• **Exercise objective**: Omit the pictures and return exactly the stretch of the material below from the line with "living room featuring" through the line with "A bedroom with".

• **Supplied material**:
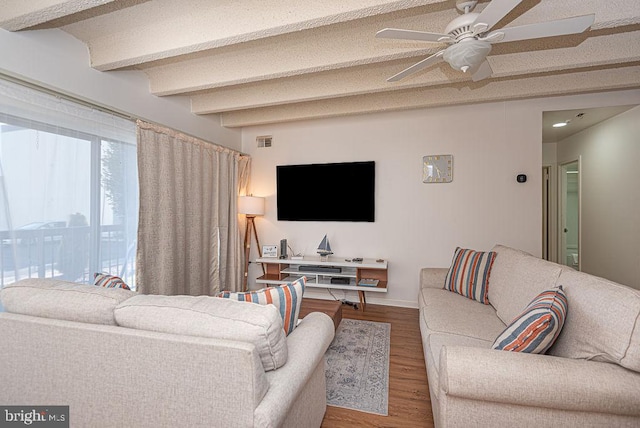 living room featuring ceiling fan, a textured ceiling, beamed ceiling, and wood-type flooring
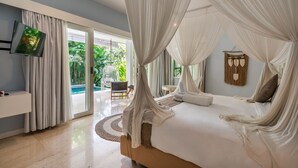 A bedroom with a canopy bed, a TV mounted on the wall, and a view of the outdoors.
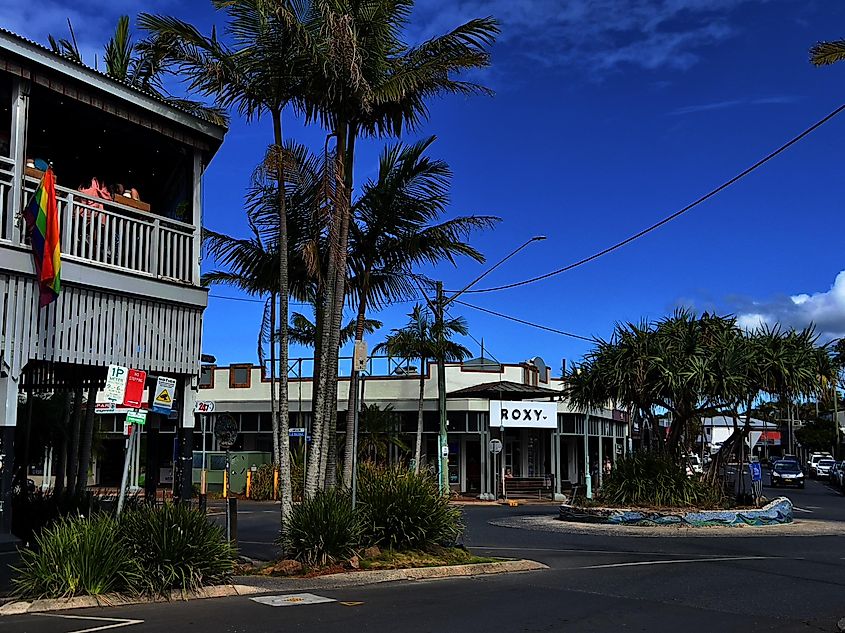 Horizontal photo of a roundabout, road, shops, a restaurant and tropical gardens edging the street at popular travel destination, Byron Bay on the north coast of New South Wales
--
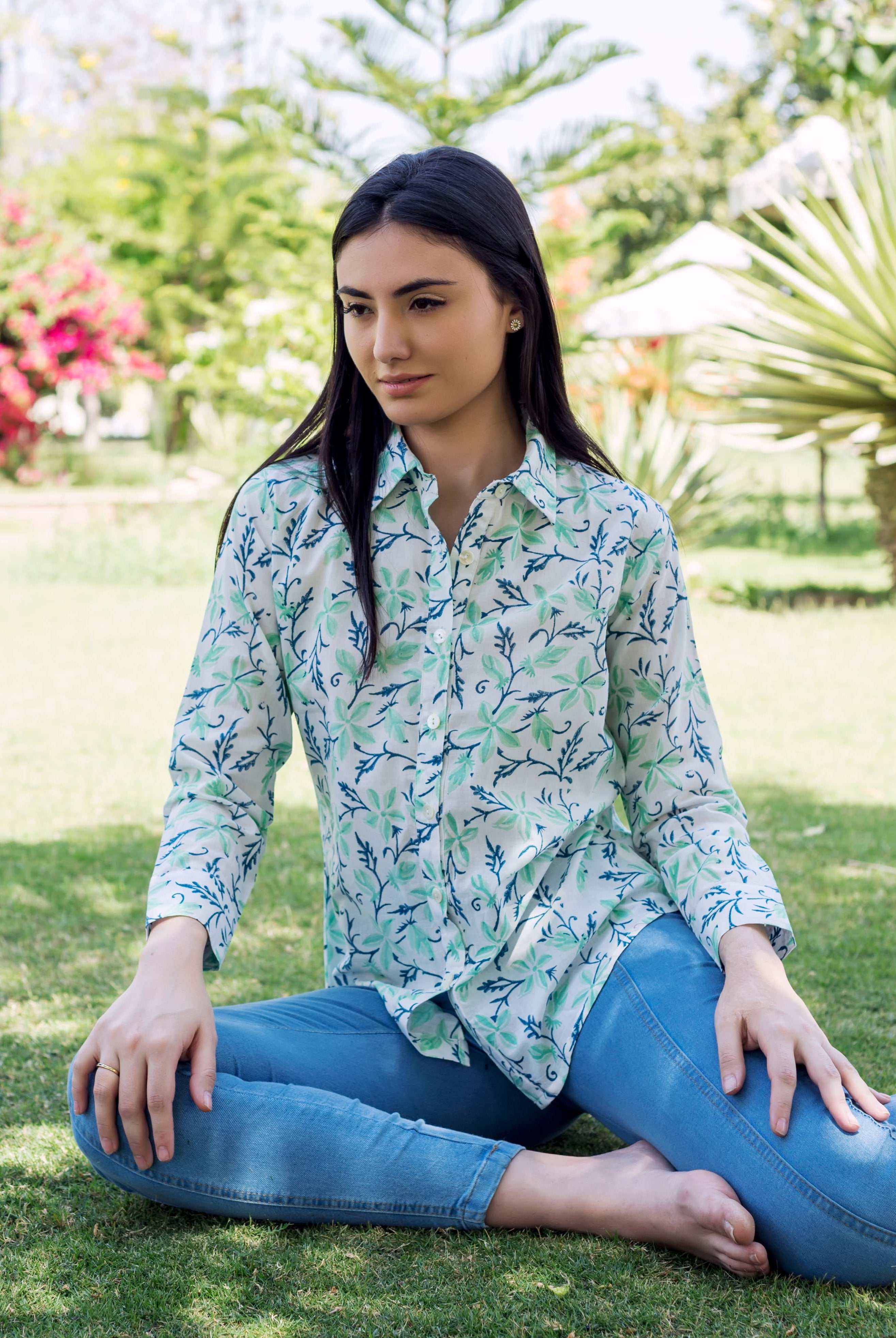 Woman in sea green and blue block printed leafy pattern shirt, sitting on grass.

• **Answer to this task**:
 living room featuring ceiling fan, a textured ceiling, beamed ceiling, and wood-type flooring
 A bedroom with a canopy bed, a TV mounted on the wall, and a view of the outdoors.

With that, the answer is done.